Around the turn of the millenium, artist Carsten Höller set out to create a work of art meant to challenge our perceptions of reality through coded sequences of light and spatio-temporal illusions. His immediate goal in creating the piece was to blur the lines between spectator and performer within a work of art, while instilling a deep feeling of doubt inside us.
The installation entitled Doubt begins as a single hallway of light, which subsequently divides itself into two paths, each of which is individually illuminated by either yellow or green lights. Once the spectator chooses a path, they will be presented with a multi-level maze of sorts, which combines different sequences of light projection, with moments of darkness, both to challenge our perceptual framework and our understanding of the spatio-temporal framework which we reside in.
Upon exiting the maze, the spectators are presented with a massive open hallway which showcases the many works that Höller has previously created. Amongst these works are a series of revolving doors and mirrors (left), once again questioning one’s perception of reality. Here a series of alternating encoded light strips and reflections of mirrors creating a distortion of space and unity.

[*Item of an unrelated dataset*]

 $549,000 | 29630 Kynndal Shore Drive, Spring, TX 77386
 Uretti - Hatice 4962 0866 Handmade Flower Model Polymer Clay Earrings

Another large highlight of the work is a set of double carousels which spin in opposite directions at a much slower speed than normal. Upon entry, attendees are invited to wear ‘upside-down goggles’, which when combined with the effect of the carousel seemingly moving backwards, provide an out of body experience, previously compared to floating in space.
All in all, this massive installation seems absolutely breathtaking. It takes us out of our perceptual comfort zones by defamiliarizing perception, thus creatively instilling feelings of ‘doubt’ amongst its viewers.